Une comédie représentée à l'Odéon eut, vers cette époque, un succès de circonstance. Cette pièce avait pour titre la Famille Glinet; on y déversait le ridicule sur les hommes d'autrefois, qui voulaient seuls entou

:

rer la royauté et rester les hommes du temps présent. On accusa même Louis XVIII d'être un des auteurs de la Famille Glinet.

Dès la rentrée de la famille royale, dans les hautes régions du pouvoir comme au sein des populations, et malgré ces transports d'allégresse, malgré ces bruyantes manifestations, surgissaient déjà des dissentiments, des antagonismes, des résistances: tout était difficulté, les personnes et les choses; les uns voulaient marcher en avant, les autres voulaient marcher en arrière; à propos de toutes les questions, l'ancien régime et la monarchie constitutionnelle, imposée par la charte du sénat, se trouvaient en présence, et c'était à qui ne céderait pas.

On laissa sans conteste, et avec bonne grâce, la famille royale rétablir autour d'elle l'ancienne étiquette, s'entourer d'un grand maître de la garde-robe, de premiers gentilshommes de la chambre, d'un premier maître d'hôtel, créer une garde royale, créer des gardes du corps du roi, des gardes du corps de Monsieur, des gardes de la porte, des Cent-Suisses, une maison rouge, des mousquetaires.

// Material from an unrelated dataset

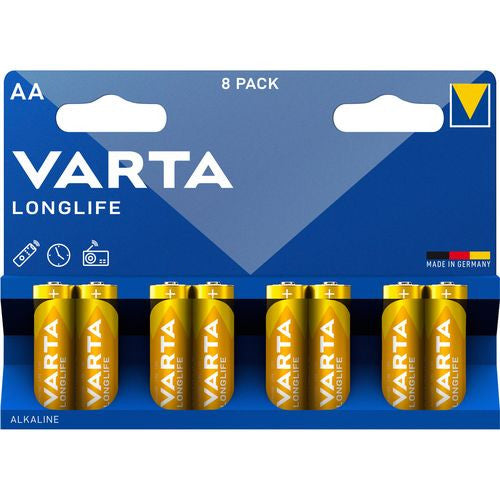 Baterie Varta Longlife AA Blister 8  buc MUT1.2 Varta - imagine 1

On laissa la famille royale rappeler en France des régiments suisses. Mais les grands meneurs de la politique se réservaient la liberté de la presse, la liberté de la tribune, le suffrage direct pour les élections. Ils laissaient à la royauté toutes les magnificences de la cour, tous les vains prestiges de l'étiquette la plus pompeuse, tous les plumets de la situation; mais ils gardaient pour eux toutes les forces vives du pouvoir et l'initiative des lois. On voulait bien que Louis XVIII eût

le plaisir et la joie de régner; mais dès ce temps-là on avait la haute ambition de gouverner.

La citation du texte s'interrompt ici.